● **Task requirements**: All of the entries should be restated word for word, but without their pictures.

─── Extracted data

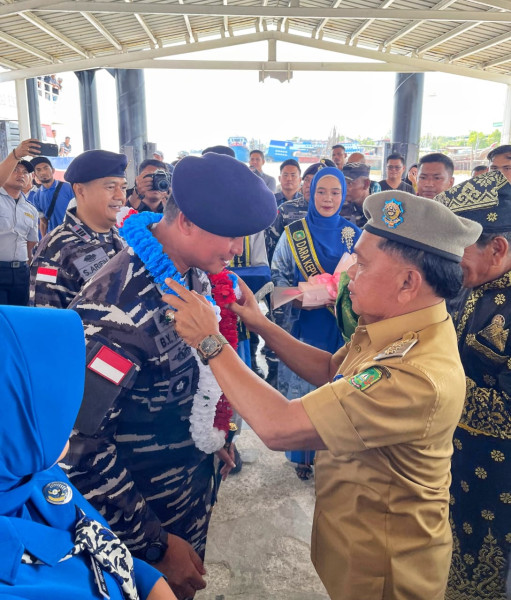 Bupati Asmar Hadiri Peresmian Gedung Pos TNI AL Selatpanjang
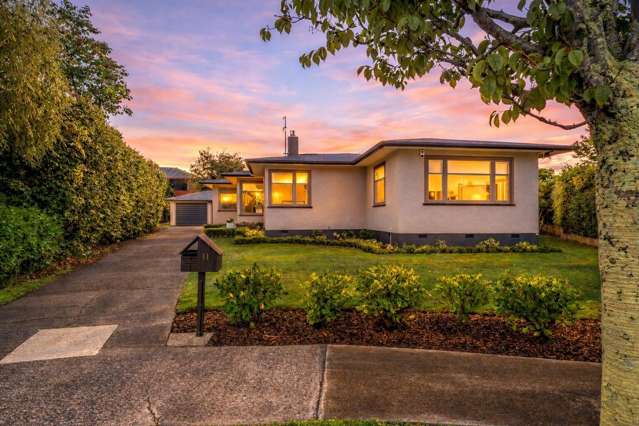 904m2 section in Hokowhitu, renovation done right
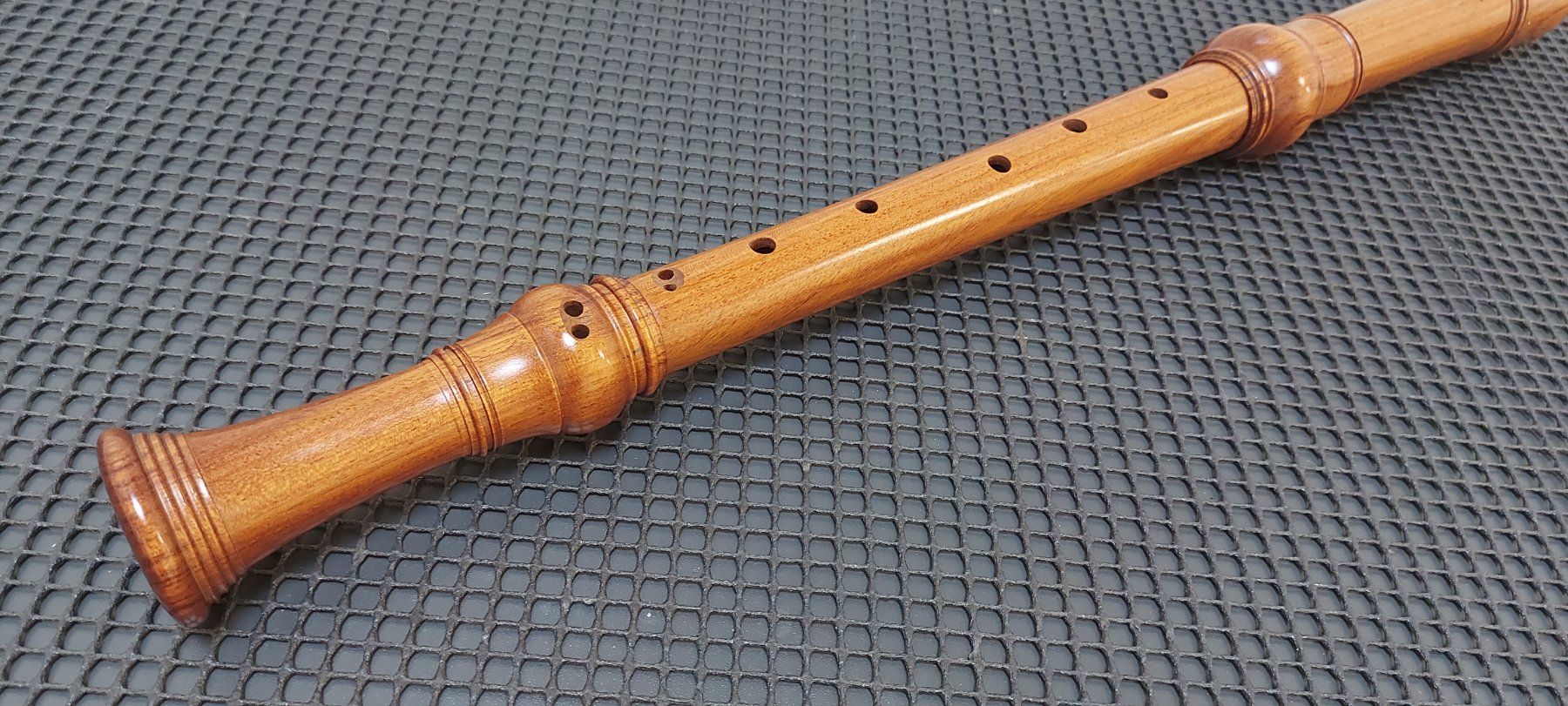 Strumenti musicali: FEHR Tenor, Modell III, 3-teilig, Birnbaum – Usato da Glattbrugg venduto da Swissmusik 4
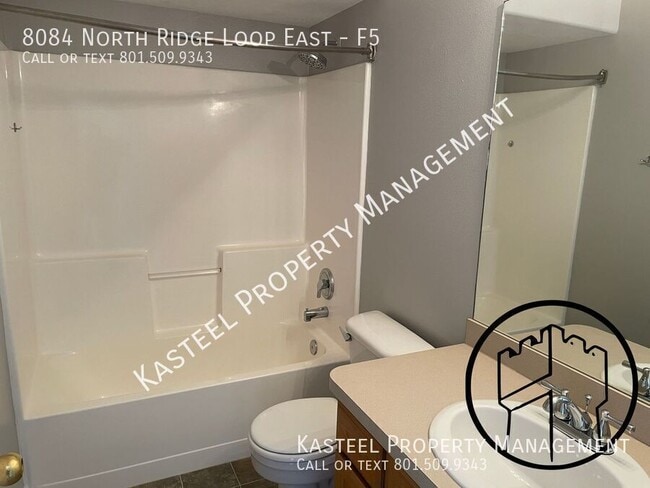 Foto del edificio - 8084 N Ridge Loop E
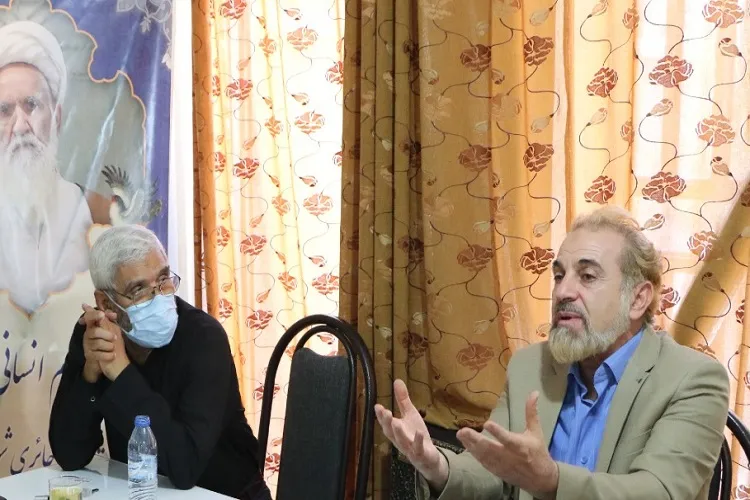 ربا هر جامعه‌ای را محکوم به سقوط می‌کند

──────

● **Task answer**:
 Bupati Asmar Hadiri Peresmian Gedung Pos TNI AL Selatpanjang
 904m2 section in Hokowhitu, renovation done right
 Strumenti musicali: FEHR Tenor, Modell III, 3-teilig, Birnbaum – Usato da Glattbrugg venduto da Swissmusik 4
 Foto del edificio - 8084 N Ridge Loop E
 ربا هر جامعه‌ای را محکوم به سقوط می‌کند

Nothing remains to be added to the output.